Lack of a viable business plan is an act of negligence where research, scenarios, and assumptions have not been tested. Market ignorance is not an excuse nor is the failure to know one’s customer. Death by poor marketing plan is knowledge deficiency related to product appeal, customer identification, pricing structure, and lackluster promotion. Obviously, one needs to know how to manage a company in order to be focused, let alone correctly estimate capital needs. Lack of customer service knowledge is deadly in the age of social media. Inadequate HR is an oxymoron – if it’s inadequate, it’s not a resource – human or otherwise. Finally, failure to listen to knowledgeable people is ego driven irrationality.
The financial system is not the only problem; the innovation system is a crucial element. Information, knowledge and innovation, by any definition, are profoundly and inseparably connected. A failure in one kills the other two. So, just because an entrepreneur does not have the knowledge, does not mean it the ‘knowledge’ fails to exist – it simply means that entrepreneur failed to find it.

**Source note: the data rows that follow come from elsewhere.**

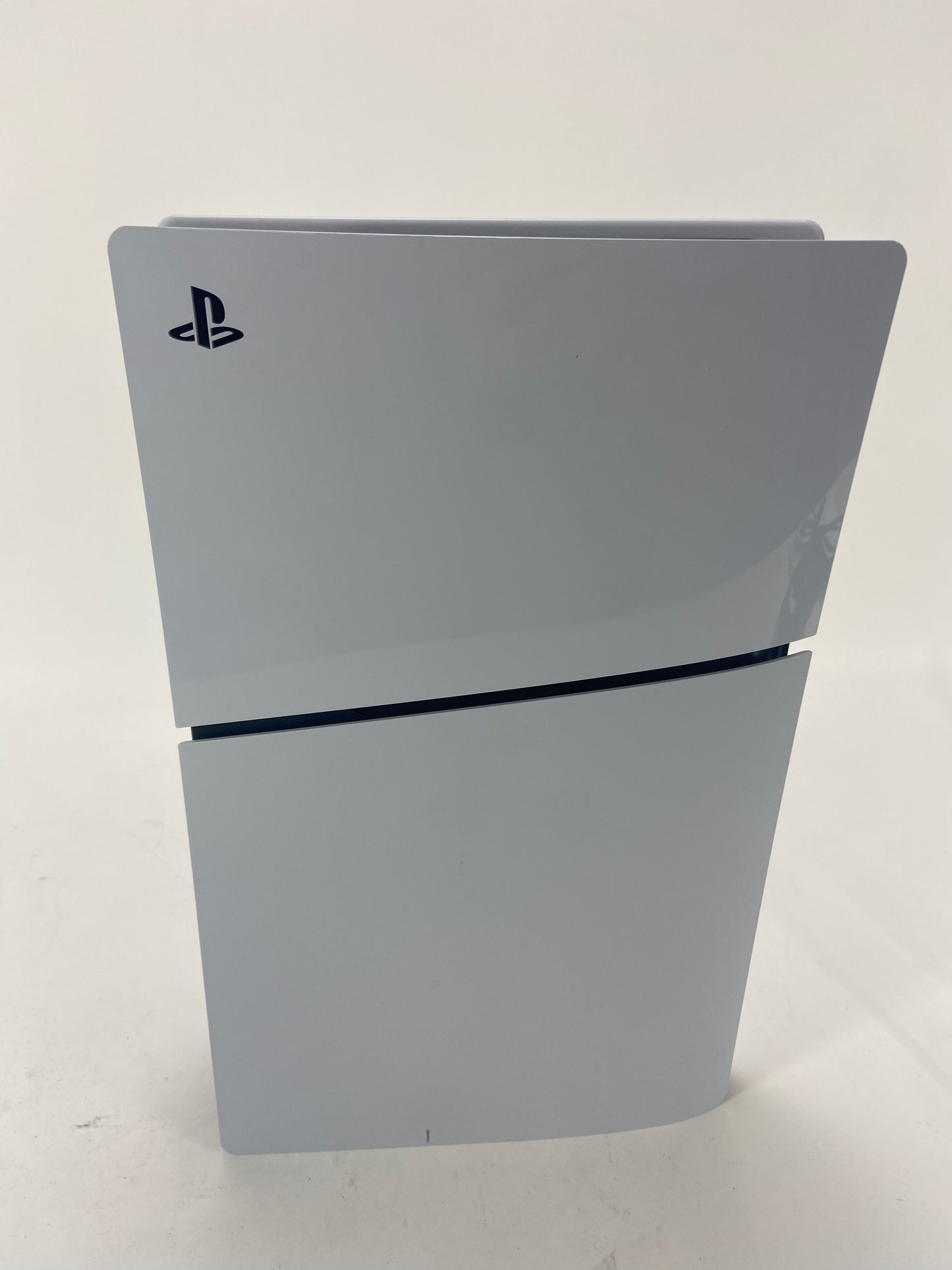 Sony PlayStation 5 Digital Edition PS5 1TB White Console Gaming System CFI-2015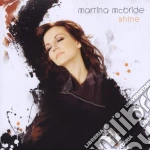 Martina Mcbride - Shine cd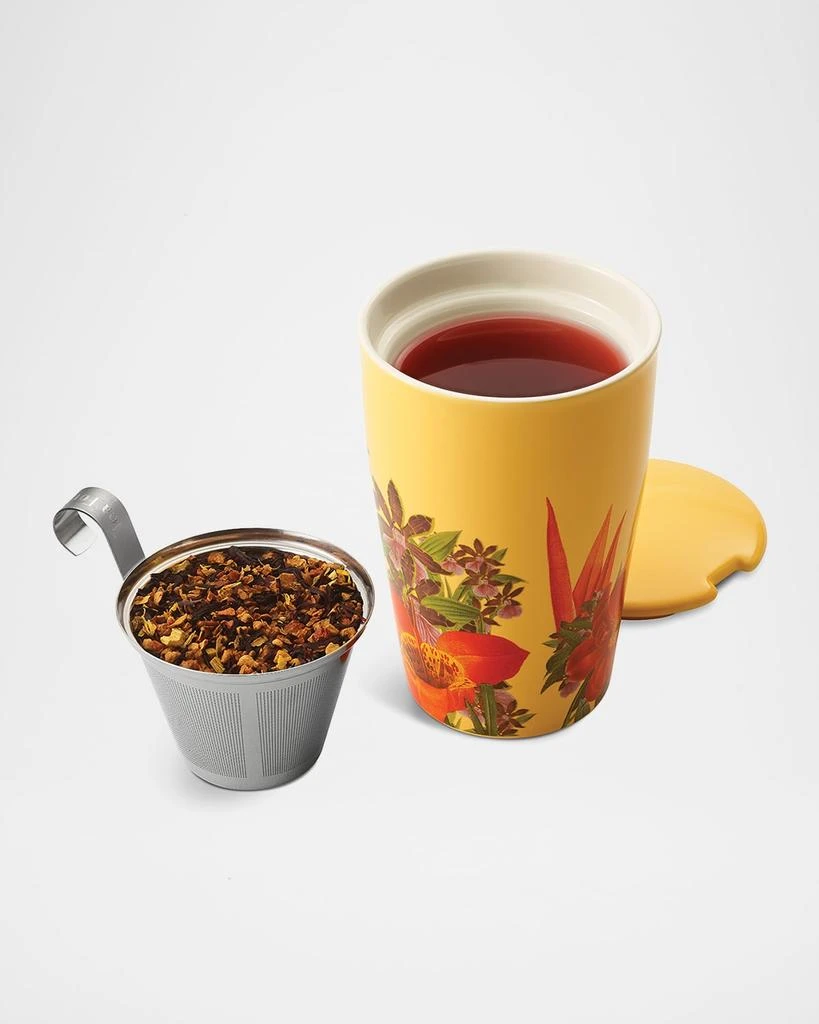 Tea Forte Kati Steeping Cup, Paradis 2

So where is the knowledge? Unfortunately, there is no public knowledge inventory – people do not know what each other knows. There is no website where that people can go search for all 90th percentile social media experts living in zip code 06776, let alone build a dedicated local management team. There is no way that anyone can assemble the knowledge needed to execute a business plan with a known probability of success given the information available. As such, there is no way to finance public innovation.

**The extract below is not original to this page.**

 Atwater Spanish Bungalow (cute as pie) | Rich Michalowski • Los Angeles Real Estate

Insurance companies can tell you the probability that you will die exactly on your 80th birthday, but we cannot estimate the probability that a business will be successful. Nothing has more variables that human physiology, yet it is predictable and business success probability is not. Why can’t this be fixed?

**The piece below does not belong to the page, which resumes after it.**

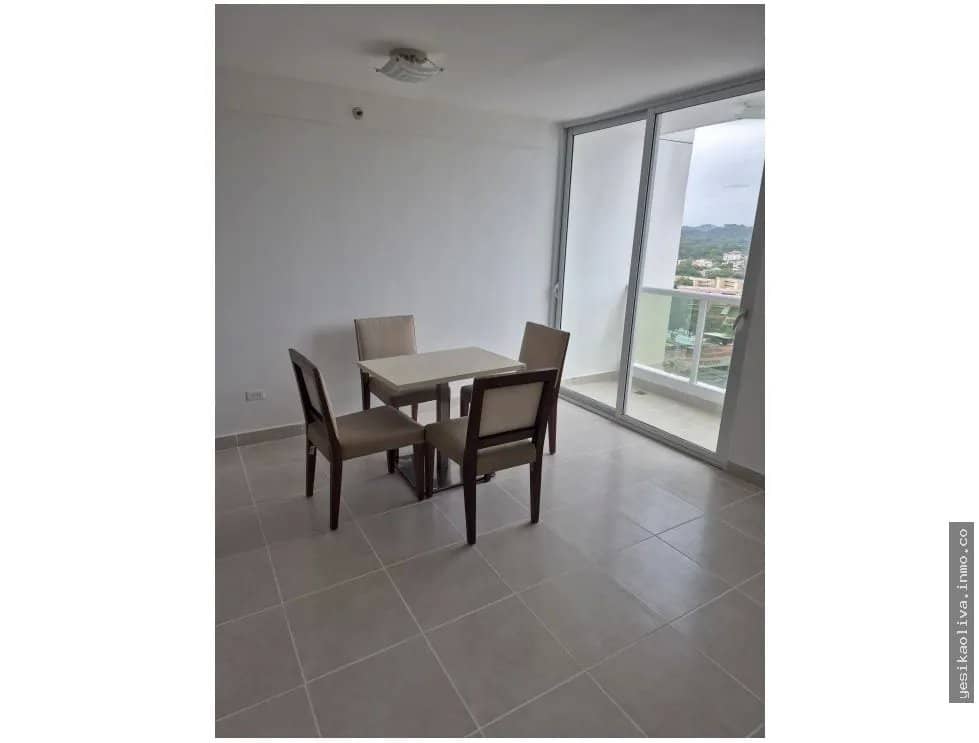 Venta de apartamento en Betania - foto 1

If we could identify, integrate, and predict public information, knowledge and innovation, we could diversify risk exposures away. With risk exposures managed, we could insure start-ups risks. With start-up risk eliminated, we can sell innovation bonds at, say, 6% to fund the extraordinary rate of public innovation that we need to support our debt and pressing social liabilities. If the innovation bond returns a modest 20%, human productivity, by definition, has increased by 20%. A 20% growth in human productivity is a 20% growth in an economy. Again, financial system is not the only problem; the innovation system – or lack of an innovation system – is the problem. Perhaps oversimplified, but this is an astonishing omission from the national dialog on the financial crisis.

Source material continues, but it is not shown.